Day 12: Barefoot
We rarely wore shoes growing up.
Before I got into skateboarding at 11, one of the only times I’d wear them was when I was playing sports.
It was normal for us to have calluses on our feet. My dad wore shoes even less than us and his feet became thick and tough like moccasins.
And it wasn’t only my family. If you lived in Hawaii, you just didn’t really wear shoes. Simple as that.
After all, you didn’t need to. You’re on the beach half the time. And the rest of the time you just wear slippers (i.e. “flip-flops” or “thongs” depending where you’re from). Easy on, easy off. No fuss.
One of the things I noticed when I moved away and started wearing shoes more often, was that I wasn’t feeling the ground anymore.
The grass in the park. Puddles after the rain. Gravel in the driveway. A smooth, freshly paved street. Mud between your toes.
Wearing shoes all the time, my feet grew soft. they forgot the many textures of the earth.
A friend from the mainland once visited me at home near the beach. He wasn’t used to going barefoot.
We walked from my house down the road all the way to the ocean with no shoes. We had to walk slow, since his feet weren’t used to the different terrains. Wood chips, a sun-baked road, loose pebbles and sand can hurt if you’re not used to them.
But he loved it. “I can feel so much!” And he didn’t wear shoes the rest of the trip.
When I started moving to different cities for work every year and my growing anxieties kept me more and more often indoors, I realized that on a personal level, I was going through the same thing my feet were.
If I stayed in my room, it didn’t matter where in the world I was. I was barricaded, shielded from the outside world. I didn’t get to know the people, I never saw the city, I didn’t know what the sky looked like or what the air felt or smelled like. I didn’t know what kinds of songs the birds sang in that part of the world. And if I left, having stayed in my room, it’s like I have never been there at all.
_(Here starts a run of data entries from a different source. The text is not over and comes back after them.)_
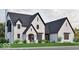 Charming white brick home with a dark roof and black trim, complemented by lush green landscaping at 5488 Stonewood Ct, Bargersville, IN 46106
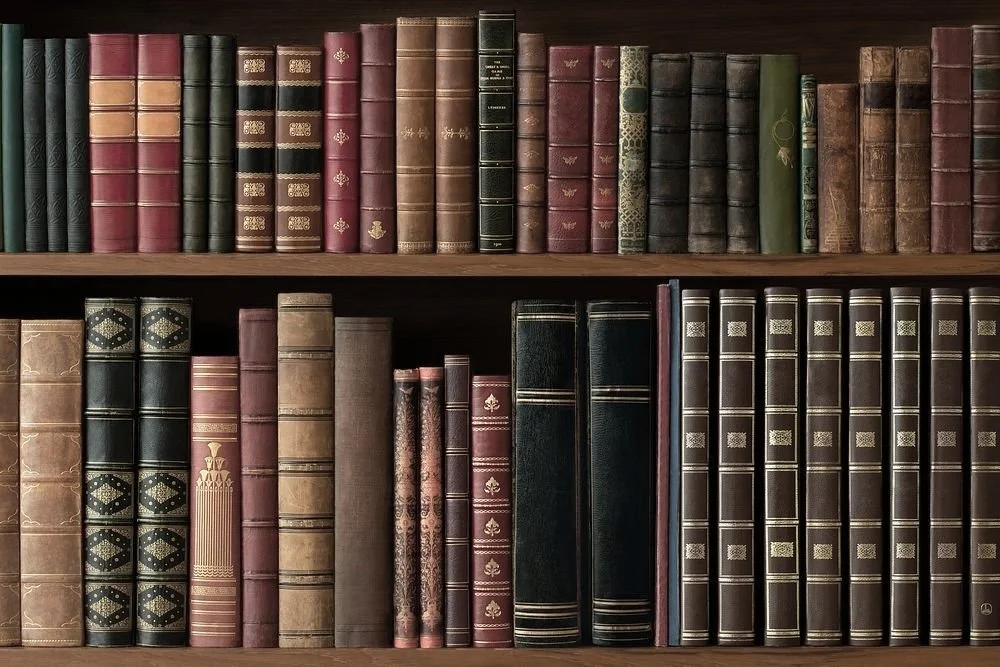 Bookshelf filled with vintage books lined in rows, featuring leather-bound volumes in various colors including brown, red, and green.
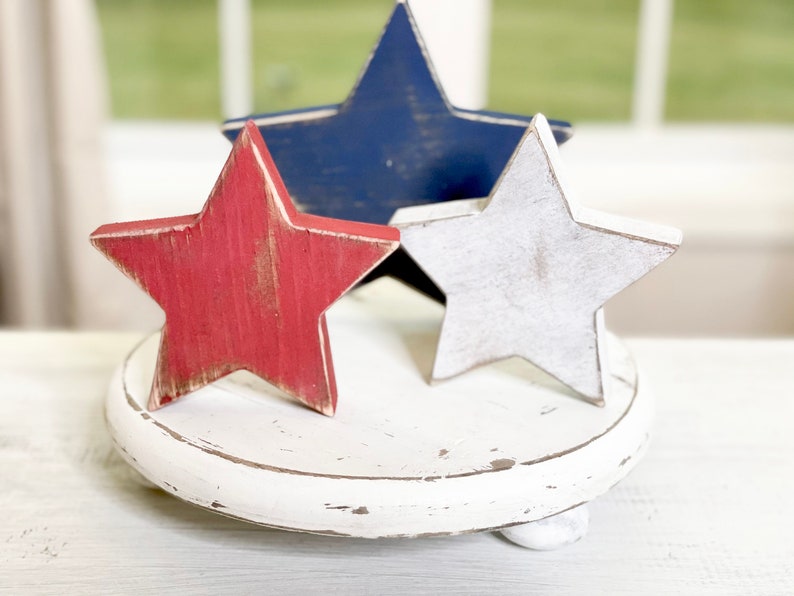 Puede incluir: Tres estrellas de madera en colores rojo, blanco y azul sobre un pedestal redondo blanco. Las estrellas est&aacute;n desgastadas y tienen un aspecto r&uacute;stico.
And my feet were going through the same thing. Wearing shoes, they were cut off from the ground beneath them. They didn’t know where they were. It didn’t make any difference if it was hot or cold or wet or dry. Through it all they were shielded, wrapped in a comfortable cocoon, and never exposed to the outside world.
Safe, yes. But sheltered.
Sometimes we really do need to block out the outside world. Sometimes that’s the only way we can think, the only way we have any chance to focus and get things done.
But how often do we block out the world around us simply because it’s more comfortable, and because it’s what we’ve been raised to do?
The world is a rich and deep and exciting place. How much of it do we miss because we’ve never thought to take off our shoes?